▶ [What you need to do] The answer is a stretch of the material below, returned exactly: the line containing "Backpacking Sportneer Compass", the line containing "Number - Image 3", and all lines between.

-------- Given data --------

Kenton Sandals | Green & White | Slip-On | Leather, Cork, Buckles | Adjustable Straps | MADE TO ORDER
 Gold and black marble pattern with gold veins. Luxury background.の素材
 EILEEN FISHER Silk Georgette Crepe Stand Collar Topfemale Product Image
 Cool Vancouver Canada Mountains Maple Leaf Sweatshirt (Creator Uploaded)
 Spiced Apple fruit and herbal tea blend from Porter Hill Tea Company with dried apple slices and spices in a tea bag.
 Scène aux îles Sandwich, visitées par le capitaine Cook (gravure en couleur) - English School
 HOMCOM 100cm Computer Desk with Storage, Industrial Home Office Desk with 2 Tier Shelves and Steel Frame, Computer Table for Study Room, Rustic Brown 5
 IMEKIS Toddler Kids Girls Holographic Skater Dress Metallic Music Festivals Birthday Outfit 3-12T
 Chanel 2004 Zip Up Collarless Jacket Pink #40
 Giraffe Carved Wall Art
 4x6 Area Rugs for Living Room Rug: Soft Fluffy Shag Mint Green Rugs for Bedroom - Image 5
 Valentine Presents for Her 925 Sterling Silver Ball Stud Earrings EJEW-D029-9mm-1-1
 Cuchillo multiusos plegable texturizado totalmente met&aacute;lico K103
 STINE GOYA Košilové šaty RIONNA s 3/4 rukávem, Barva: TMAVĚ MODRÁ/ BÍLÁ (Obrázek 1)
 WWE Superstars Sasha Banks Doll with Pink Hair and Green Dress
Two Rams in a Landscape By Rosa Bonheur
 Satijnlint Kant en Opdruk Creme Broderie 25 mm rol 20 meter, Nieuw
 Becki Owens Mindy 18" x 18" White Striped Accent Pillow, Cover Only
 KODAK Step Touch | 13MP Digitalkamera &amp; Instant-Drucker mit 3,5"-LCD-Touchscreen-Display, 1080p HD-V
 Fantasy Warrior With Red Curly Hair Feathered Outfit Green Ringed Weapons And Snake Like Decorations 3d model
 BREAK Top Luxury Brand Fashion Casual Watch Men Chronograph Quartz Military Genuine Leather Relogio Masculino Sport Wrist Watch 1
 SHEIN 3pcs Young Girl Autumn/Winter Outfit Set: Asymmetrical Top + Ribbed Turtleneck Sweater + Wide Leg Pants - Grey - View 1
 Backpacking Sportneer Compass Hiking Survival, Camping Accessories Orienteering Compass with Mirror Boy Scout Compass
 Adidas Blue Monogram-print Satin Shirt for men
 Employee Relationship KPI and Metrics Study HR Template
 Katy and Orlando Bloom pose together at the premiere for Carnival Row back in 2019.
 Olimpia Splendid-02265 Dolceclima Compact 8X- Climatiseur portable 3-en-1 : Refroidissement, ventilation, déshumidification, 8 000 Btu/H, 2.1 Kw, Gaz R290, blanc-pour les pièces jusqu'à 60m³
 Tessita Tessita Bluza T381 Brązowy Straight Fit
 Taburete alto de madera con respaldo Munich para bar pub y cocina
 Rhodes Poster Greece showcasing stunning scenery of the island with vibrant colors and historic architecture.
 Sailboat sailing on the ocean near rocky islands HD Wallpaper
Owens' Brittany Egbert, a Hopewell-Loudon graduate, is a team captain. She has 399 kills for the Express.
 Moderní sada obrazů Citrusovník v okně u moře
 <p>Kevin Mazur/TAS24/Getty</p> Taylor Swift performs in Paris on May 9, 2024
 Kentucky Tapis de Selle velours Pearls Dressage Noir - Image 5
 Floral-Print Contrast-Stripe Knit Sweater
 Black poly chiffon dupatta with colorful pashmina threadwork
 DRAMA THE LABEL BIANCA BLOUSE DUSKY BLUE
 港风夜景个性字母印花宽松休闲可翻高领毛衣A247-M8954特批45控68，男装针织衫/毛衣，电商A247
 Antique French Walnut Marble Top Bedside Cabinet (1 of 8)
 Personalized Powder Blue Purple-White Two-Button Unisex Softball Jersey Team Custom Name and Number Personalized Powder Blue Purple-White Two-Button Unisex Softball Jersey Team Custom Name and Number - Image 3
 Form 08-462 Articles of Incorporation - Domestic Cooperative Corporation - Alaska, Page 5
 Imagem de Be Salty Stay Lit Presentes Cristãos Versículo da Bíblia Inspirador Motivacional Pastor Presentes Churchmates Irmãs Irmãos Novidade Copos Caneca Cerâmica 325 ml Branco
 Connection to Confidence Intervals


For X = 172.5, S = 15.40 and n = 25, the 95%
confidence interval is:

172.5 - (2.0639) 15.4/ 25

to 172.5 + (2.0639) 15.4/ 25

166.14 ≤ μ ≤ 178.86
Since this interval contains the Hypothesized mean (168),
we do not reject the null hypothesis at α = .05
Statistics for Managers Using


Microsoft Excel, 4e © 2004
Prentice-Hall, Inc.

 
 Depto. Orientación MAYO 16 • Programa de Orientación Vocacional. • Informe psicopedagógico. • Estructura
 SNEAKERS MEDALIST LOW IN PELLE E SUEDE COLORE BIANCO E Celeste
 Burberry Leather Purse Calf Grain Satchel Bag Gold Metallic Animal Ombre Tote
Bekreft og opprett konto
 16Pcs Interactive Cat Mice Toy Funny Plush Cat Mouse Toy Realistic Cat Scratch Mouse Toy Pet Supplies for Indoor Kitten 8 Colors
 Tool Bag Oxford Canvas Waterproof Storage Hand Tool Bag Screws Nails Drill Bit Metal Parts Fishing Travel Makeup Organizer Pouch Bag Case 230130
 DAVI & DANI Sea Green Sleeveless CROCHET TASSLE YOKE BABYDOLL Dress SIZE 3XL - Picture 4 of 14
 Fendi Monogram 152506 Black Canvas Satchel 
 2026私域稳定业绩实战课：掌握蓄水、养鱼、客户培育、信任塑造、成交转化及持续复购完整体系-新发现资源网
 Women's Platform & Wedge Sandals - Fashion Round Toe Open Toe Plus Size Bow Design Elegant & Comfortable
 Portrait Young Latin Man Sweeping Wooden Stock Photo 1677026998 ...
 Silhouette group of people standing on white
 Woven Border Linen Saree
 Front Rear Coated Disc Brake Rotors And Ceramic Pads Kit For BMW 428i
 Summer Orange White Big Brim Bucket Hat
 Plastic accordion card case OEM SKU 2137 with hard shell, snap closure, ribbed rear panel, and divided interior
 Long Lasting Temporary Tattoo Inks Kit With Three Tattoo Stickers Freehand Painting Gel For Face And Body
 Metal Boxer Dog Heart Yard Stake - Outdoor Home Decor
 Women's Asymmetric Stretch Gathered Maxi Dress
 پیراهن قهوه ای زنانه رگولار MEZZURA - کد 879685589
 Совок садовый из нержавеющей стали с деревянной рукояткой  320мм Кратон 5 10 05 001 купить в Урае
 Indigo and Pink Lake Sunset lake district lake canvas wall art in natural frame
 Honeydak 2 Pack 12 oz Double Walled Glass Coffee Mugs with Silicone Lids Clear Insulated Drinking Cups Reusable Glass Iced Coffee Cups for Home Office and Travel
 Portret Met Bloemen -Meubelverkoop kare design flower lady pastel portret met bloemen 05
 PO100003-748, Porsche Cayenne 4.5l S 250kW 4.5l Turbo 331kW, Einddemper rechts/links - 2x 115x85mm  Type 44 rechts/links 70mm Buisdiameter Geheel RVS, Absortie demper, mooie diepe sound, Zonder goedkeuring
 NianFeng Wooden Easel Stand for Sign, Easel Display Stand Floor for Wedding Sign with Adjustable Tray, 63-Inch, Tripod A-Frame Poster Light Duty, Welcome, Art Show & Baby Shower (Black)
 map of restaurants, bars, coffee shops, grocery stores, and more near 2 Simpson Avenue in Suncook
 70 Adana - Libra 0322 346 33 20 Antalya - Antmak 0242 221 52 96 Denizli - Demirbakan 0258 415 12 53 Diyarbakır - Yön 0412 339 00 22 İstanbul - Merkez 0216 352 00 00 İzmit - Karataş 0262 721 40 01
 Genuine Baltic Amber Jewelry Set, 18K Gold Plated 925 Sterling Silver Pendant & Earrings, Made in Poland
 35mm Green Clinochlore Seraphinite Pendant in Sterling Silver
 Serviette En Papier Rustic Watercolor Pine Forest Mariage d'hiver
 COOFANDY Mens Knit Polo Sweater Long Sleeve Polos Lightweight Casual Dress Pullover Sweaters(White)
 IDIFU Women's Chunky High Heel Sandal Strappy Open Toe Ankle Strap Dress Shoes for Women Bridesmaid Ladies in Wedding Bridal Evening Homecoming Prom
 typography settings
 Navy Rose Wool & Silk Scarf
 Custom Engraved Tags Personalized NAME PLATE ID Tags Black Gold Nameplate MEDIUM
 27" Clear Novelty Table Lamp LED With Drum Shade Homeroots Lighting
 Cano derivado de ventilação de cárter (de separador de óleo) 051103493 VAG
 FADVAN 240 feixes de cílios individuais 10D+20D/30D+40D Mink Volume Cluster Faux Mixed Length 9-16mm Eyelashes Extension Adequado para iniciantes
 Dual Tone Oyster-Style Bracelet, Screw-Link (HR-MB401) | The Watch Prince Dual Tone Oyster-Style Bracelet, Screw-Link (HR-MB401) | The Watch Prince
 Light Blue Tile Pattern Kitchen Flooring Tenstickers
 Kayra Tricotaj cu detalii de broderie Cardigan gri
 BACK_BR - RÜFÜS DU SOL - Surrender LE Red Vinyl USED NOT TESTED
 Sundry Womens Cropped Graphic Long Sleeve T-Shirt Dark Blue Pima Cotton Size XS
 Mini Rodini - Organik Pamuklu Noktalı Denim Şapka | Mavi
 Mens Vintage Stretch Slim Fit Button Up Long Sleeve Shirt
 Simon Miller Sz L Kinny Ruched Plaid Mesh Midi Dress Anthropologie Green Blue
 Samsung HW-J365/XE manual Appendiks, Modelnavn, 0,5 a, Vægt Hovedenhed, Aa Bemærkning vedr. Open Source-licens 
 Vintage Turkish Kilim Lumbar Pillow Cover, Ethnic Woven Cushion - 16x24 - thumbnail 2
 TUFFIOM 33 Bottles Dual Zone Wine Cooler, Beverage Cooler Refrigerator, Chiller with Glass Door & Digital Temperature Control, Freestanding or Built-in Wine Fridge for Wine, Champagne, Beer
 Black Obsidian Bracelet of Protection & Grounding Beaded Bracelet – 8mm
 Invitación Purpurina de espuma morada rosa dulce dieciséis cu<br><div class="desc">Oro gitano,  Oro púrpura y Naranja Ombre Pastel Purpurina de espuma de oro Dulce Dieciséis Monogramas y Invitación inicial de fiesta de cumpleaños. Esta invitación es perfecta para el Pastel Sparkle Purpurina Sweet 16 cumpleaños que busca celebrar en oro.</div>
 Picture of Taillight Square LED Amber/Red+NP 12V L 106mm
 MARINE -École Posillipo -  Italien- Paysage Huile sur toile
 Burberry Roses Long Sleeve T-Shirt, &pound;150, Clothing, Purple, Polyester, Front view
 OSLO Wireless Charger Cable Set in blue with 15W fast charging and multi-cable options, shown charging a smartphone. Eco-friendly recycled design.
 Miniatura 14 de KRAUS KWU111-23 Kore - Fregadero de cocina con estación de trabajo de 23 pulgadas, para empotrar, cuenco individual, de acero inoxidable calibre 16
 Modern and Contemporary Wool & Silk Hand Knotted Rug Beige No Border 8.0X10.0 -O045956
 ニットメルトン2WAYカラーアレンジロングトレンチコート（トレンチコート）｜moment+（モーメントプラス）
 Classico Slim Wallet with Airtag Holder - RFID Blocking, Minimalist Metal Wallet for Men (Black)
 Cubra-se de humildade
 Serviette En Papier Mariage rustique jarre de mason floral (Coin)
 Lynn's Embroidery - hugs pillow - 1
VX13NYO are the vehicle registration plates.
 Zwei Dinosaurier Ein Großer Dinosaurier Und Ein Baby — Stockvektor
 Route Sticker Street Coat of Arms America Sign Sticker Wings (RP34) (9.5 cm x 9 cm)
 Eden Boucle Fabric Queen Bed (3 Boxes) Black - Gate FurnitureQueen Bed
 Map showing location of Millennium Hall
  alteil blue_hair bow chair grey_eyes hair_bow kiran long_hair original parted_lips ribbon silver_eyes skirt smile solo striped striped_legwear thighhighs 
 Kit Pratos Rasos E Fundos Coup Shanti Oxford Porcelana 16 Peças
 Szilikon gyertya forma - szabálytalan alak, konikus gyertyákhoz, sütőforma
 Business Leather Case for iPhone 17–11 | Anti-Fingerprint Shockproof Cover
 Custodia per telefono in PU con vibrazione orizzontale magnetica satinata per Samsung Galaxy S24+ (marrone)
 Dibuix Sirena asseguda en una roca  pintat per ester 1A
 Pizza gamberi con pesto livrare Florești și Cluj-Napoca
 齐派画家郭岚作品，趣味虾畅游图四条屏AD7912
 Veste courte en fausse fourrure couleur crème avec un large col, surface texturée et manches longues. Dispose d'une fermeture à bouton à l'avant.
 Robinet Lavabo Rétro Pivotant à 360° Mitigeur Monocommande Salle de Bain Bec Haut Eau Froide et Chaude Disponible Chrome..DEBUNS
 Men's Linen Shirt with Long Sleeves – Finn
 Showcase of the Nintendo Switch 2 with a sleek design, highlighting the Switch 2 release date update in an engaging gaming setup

--------

▶ [Solution for this exercise]
 Backpacking Sportneer Compass Hiking Survival, Camping Accessories Orienteering Compass with Mirror Boy Scout Compass
 Adidas Blue Monogram-print Satin Shirt for men
 Employee Relationship KPI and Metrics Study HR Template
 Katy and Orlando Bloom pose together at the premiere for Carnival Row back in 2019.
 Olimpia Splendid-02265 Dolceclima Compact 8X- Climatiseur portable 3-en-1 : Refroidissement, ventilation, déshumidification, 8 000 Btu/H, 2.1 Kw, Gaz R290, blanc-pour les pièces jusqu'à 60m³
 Tessita Tessita Bluza T381 Brązowy Straight Fit
 Taburete alto de madera con respaldo Munich para bar pub y cocina
 Rhodes Poster Greece showcasing stunning scenery of the island with vibrant colors and historic architecture.
 Sailboat sailing on the ocean near rocky islands HD Wallpaper
Owens' Brittany Egbert, a Hopewell-Loudon graduate, is a team captain. She has 399 kills for the Express.
 Moderní sada obrazů Citrusovník v okně u moře
 <p>Kevin Mazur/TAS24/Getty</p> Taylor Swift performs in Paris on May 9, 2024
 Kentucky Tapis de Selle velours Pearls Dressage Noir - Image 5
 Floral-Print Contrast-Stripe Knit Sweater
 Black poly chiffon dupatta with colorful pashmina threadwork
 DRAMA THE LABEL BIANCA BLOUSE DUSKY BLUE
 港风夜景个性字母印花宽松休闲可翻高领毛衣A247-M8954特批45控68，男装针织衫/毛衣，电商A247
 Antique French Walnut Marble Top Bedside Cabinet (1 of 8)
 Personalized Powder Blue Purple-White Two-Button Unisex Softball Jersey Team Custom Name and Number Personalized Powder Blue Purple-White Two-Button Unisex Softball Jersey Team Custom Name and Number - Image 3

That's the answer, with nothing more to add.